TASK PROMPT -
Give again the lines of the data from its first line through the line with "Iris graminea (iris a foglia d". Change nothing.

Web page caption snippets
========
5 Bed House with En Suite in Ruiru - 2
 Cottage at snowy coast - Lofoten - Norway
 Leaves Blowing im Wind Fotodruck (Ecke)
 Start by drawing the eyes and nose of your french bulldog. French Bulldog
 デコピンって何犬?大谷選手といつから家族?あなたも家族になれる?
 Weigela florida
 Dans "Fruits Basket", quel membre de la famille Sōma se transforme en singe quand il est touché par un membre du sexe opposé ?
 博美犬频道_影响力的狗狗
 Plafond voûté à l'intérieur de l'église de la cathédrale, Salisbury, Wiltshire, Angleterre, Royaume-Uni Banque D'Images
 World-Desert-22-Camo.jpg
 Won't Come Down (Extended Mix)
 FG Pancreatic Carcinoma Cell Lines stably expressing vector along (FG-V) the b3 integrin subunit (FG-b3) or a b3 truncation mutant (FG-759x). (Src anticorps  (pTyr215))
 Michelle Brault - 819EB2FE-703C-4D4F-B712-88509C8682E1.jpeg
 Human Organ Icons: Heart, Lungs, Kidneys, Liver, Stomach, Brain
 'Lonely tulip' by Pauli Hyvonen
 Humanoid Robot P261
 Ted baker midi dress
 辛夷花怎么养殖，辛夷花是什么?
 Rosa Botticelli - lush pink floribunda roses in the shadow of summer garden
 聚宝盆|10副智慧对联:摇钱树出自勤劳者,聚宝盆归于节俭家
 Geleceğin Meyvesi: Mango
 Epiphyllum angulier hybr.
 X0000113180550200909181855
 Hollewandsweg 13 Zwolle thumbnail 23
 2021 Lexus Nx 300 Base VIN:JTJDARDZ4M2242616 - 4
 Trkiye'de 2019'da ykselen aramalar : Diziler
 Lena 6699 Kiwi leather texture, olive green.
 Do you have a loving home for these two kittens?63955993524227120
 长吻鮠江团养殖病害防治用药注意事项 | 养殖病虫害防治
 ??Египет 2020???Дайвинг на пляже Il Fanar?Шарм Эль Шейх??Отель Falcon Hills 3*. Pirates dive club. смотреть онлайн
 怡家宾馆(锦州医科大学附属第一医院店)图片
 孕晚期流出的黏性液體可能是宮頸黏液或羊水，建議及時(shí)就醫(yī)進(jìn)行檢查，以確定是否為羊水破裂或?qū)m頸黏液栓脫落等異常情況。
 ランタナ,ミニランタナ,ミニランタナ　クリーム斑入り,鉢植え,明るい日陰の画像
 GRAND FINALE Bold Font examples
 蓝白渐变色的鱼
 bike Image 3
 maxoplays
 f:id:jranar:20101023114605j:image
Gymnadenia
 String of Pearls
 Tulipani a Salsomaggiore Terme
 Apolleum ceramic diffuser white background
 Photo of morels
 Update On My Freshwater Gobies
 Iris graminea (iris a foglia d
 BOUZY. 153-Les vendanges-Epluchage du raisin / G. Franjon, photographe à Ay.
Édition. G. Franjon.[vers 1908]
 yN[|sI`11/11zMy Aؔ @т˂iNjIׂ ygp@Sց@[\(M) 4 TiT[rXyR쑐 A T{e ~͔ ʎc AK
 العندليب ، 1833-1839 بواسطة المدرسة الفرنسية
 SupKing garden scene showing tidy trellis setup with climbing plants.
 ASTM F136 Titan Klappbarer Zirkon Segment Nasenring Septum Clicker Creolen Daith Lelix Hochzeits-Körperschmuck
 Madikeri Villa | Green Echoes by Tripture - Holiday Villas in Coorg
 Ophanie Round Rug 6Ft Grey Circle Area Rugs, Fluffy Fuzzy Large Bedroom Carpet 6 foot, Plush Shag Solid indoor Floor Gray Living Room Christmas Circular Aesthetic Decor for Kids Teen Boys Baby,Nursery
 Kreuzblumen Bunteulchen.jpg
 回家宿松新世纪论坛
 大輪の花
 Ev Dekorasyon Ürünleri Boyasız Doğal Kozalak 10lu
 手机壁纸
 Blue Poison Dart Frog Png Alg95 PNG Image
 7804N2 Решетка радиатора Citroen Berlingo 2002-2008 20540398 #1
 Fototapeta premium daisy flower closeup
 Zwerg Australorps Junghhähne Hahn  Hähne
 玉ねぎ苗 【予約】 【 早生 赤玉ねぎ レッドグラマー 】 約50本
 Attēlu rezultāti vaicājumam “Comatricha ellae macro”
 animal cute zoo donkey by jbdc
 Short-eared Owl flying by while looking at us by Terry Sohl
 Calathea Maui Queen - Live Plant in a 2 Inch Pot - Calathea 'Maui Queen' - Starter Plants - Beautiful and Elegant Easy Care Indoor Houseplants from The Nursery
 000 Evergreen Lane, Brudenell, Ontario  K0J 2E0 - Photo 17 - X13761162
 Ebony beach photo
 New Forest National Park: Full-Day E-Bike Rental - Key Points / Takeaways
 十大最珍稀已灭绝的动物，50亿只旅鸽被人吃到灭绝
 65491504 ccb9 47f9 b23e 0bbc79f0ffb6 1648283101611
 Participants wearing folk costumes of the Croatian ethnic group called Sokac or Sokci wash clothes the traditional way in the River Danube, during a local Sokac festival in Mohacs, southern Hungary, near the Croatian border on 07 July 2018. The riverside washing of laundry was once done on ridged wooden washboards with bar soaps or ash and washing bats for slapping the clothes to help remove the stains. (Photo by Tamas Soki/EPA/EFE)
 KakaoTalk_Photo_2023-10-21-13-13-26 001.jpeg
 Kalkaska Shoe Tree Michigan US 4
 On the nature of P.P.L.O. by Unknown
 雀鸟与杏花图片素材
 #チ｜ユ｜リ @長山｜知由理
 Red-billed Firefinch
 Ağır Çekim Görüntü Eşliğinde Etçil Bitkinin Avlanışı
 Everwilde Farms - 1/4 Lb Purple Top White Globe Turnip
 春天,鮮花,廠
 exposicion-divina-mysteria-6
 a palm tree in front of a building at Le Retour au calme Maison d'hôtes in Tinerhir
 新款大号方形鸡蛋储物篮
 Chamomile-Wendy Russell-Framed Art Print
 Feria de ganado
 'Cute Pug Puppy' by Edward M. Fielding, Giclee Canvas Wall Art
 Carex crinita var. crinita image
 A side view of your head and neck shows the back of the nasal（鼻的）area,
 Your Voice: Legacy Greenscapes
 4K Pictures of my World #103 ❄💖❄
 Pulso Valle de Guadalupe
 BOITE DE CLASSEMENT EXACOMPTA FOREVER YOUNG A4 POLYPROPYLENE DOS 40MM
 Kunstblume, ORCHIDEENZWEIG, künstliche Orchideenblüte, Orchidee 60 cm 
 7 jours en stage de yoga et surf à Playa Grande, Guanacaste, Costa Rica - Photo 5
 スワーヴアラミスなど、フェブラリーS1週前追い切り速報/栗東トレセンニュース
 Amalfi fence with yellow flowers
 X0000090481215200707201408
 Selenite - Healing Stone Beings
========
ANSWER TO THE EXERCISE -
5 Bed House with En Suite in Ruiru - 2
 Cottage at snowy coast - Lofoten - Norway
 Leaves Blowing im Wind Fotodruck (Ecke)
 Start by drawing the eyes and nose of your french bulldog. French Bulldog
 デコピンって何犬?大谷選手といつから家族?あなたも家族になれる?
 Weigela florida
 Dans "Fruits Basket", quel membre de la famille Sōma se transforme en singe quand il est touché par un membre du sexe opposé ?
 博美犬频道_影响力的狗狗
 Plafond voûté à l'intérieur de l'église de la cathédrale, Salisbury, Wiltshire, Angleterre, Royaume-Uni Banque D'Images
 World-Desert-22-Camo.jpg
 Won't Come Down (Extended Mix)
 FG Pancreatic Carcinoma Cell Lines stably expressing vector along (FG-V) the b3 integrin subunit (FG-b3) or a b3 truncation mutant (FG-759x). (Src anticorps  (pTyr215))
 Michelle Brault - 819EB2FE-703C-4D4F-B712-88509C8682E1.jpeg
 Human Organ Icons: Heart, Lungs, Kidneys, Liver, Stomach, Brain
 'Lonely tulip' by Pauli Hyvonen
 Humanoid Robot P261
 Ted baker midi dress
 辛夷花怎么养殖，辛夷花是什么?
 Rosa Botticelli - lush pink floribunda roses in the shadow of summer garden
 聚宝盆|10副智慧对联:摇钱树出自勤劳者,聚宝盆归于节俭家
 Geleceğin Meyvesi: Mango
 Epiphyllum angulier hybr.
 X0000113180550200909181855
 Hollewandsweg 13 Zwolle thumbnail 23
 2021 Lexus Nx 300 Base VIN:JTJDARDZ4M2242616 - 4
 Trkiye'de 2019'da ykselen aramalar : Diziler
 Lena 6699 Kiwi leather texture, olive green.
 Do you have a loving home for these two kittens?63955993524227120
 长吻鮠江团养殖病害防治用药注意事项 | 养殖病虫害防治
 ??Египет 2020???Дайвинг на пляже Il Fanar?Шарм Эль Шейх??Отель Falcon Hills 3*. Pirates dive club. смотреть онлайн
 怡家宾馆(锦州医科大学附属第一医院店)图片
 孕晚期流出的黏性液體可能是宮頸黏液或羊水，建議及時(shí)就醫(yī)進(jìn)行檢查，以確定是否為羊水破裂或?qū)m頸黏液栓脫落等異常情況。
 ランタナ,ミニランタナ,ミニランタナ　クリーム斑入り,鉢植え,明るい日陰の画像
 GRAND FINALE Bold Font examples
 蓝白渐变色的鱼
 bike Image 3
 maxoplays
 f:id:jranar:20101023114605j:image
Gymnadenia
 String of Pearls
 Tulipani a Salsomaggiore Terme
 Apolleum ceramic diffuser white background
 Photo of morels
 Update On My Freshwater Gobies
 Iris graminea (iris a foglia d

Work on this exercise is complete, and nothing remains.